Christmas Day: Baby Jesus!

Gradually increasing the number of characters in your nativity scene creates an element of surprise and fun as children get to see “what changed this week?” and who else is going to come to see the baby Jesus be born.

For decor, I began with just a garland of greenery on my mantle then the following week added some pine cone decor above my bookcase.

In years past I would add things to the garlands as Christmas got closer – pine cones, holly berries, candles or Christmas lights if the garlands are artificial.

6. Show your neighbors you mean Advent – not Christmas [yet] – in your outdoor decor

A couple of years ago I put together a simple wreath using flowers from Hobby Lobby and a glue gun – the result was beautiful and served the function of showing the world we are still in a period of waiting and praying before Christmas! I added a simple Christmas tree and lantern to tie in the concept.

7. Don’t forget the “sacrifice manger” to make a soft bed of straw for the baby Jesus

Since my older girls turned 2 last year I began looking for ways to include them in the Advent season – the easiest by far is to create a “sacrifice manger”.

Children are encouraged to make sacrifices or acts of charity which turn into pieces of straw that are then put into the Christmas manger for the baby Jesus to sleep on.

The idea is to make as many sacrifices as possible to make the crib as soft as possible with lots of straw for the baby Jesus to curl up on.

I noticed this has made the most impact on my children’s overall mood and behavior for Advent, keeping them focused on the real “reason for the season”.

8. Trade the secular pant-suit Santa Claus for St. Nicholas – and don’t forget the stockings

As with most “secular” holidays, there is always a Catholic underpinning which can be extracted and useful for teaching our children and learning about the faith. Use this opportunity to discuss St. Nicholas, his historic biography, and even include some activities for the children.

I stumbled upon this amazing website stnicholascenter.org which has tons – I mean TONS – of resources for the littles in your life, from coloring pages to puzzles to crafts to even music and audio stories of the real St. Nicholas.
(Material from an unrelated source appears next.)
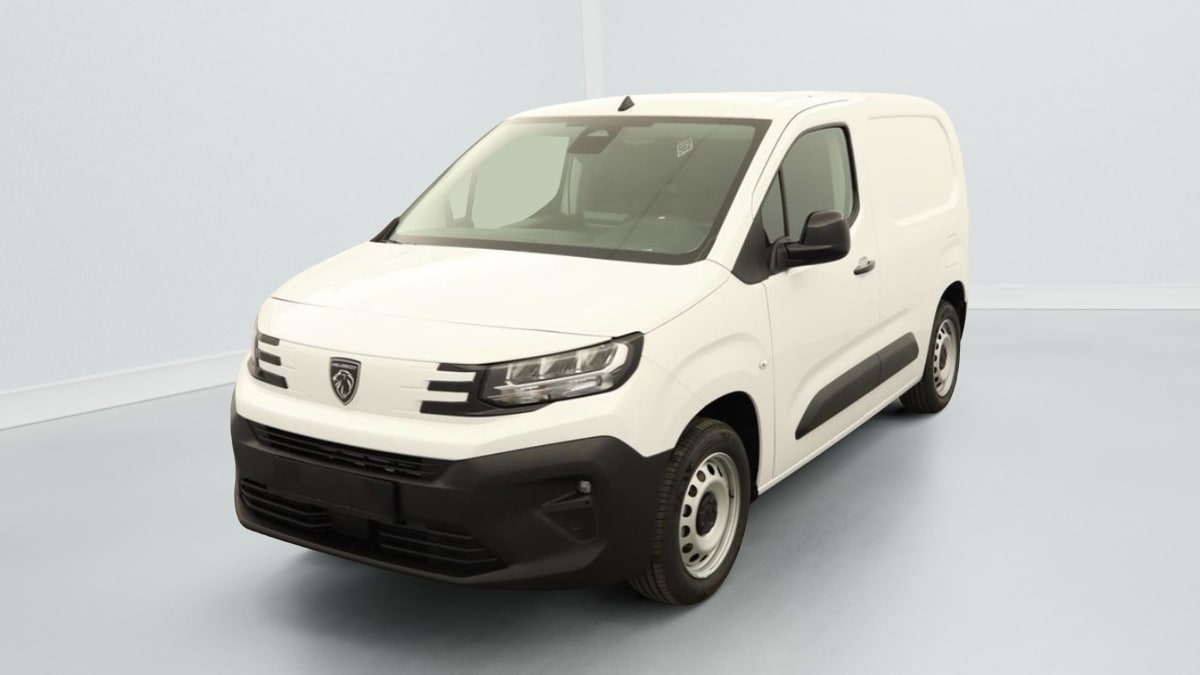 Peugeot e-Partner
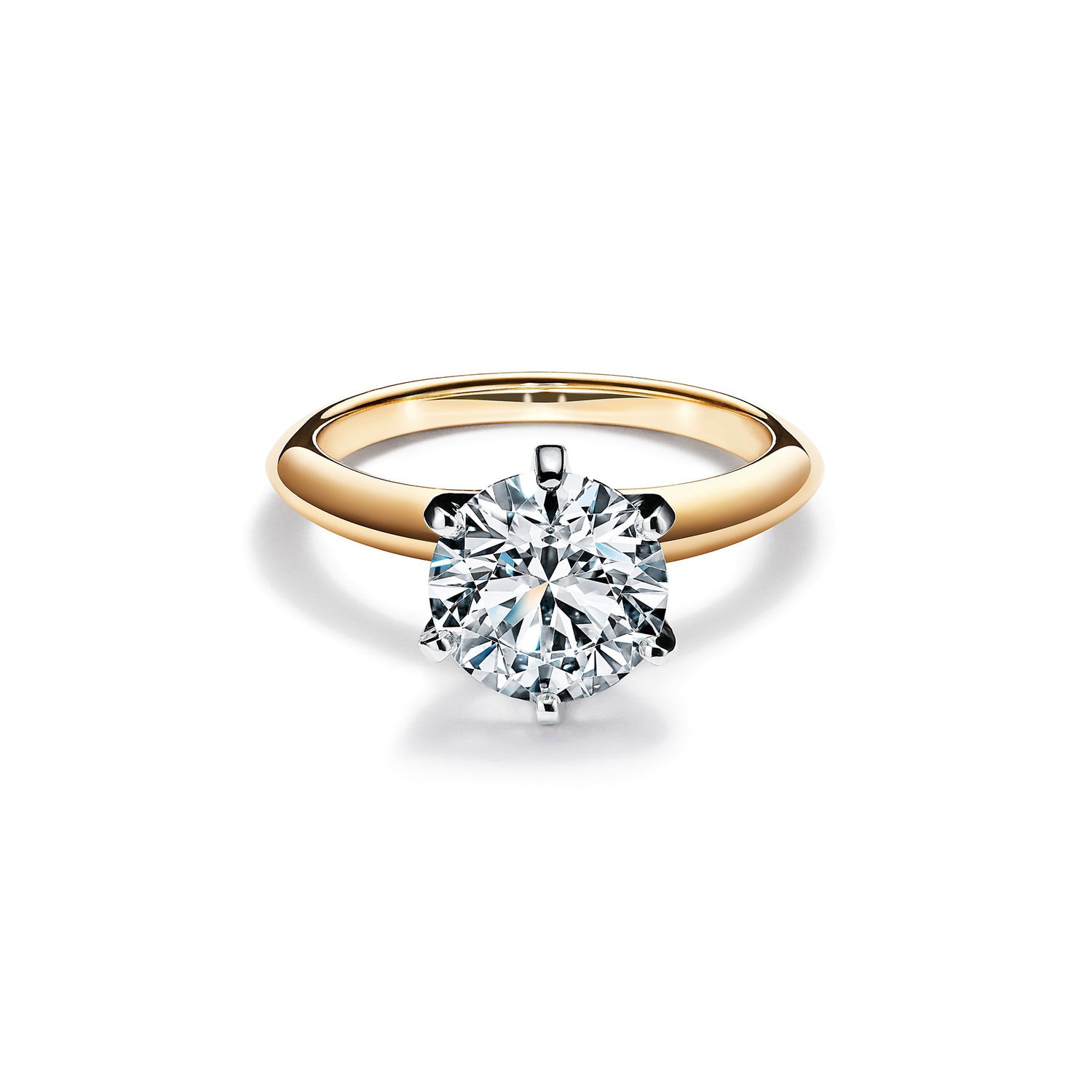 Women'S 2 Carat Ring Jewellery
They are all extremely tasteful and not cartoony in the slightest.

Several years back I had also decided to decorate Dollar Tree stockings with puffy paint for our girls, then when our 3rd came along I simply added his to the mix. I liked the result as each stocking is personalized and easy to recognize!

9. Use essential oils fit for the season – cloves, cinnamon, frankincense, pine, etc.

As you can see in the picture above I have a small, inexpensive electric diffuser sitting right next to my nativity scene. I included cloves and cinnamon for Advent and plan on using frankincense for Epiphany. What a wonderful teaching moment where my children actually get to smell the gift that was given to the baby Jesus!

Whatever you decide to do this Advent and Christmas, try adding just one little tradition to your household. As the years go on you will have acquired new traditions to add to the preceding ones, building your family’s little liturgical heritage!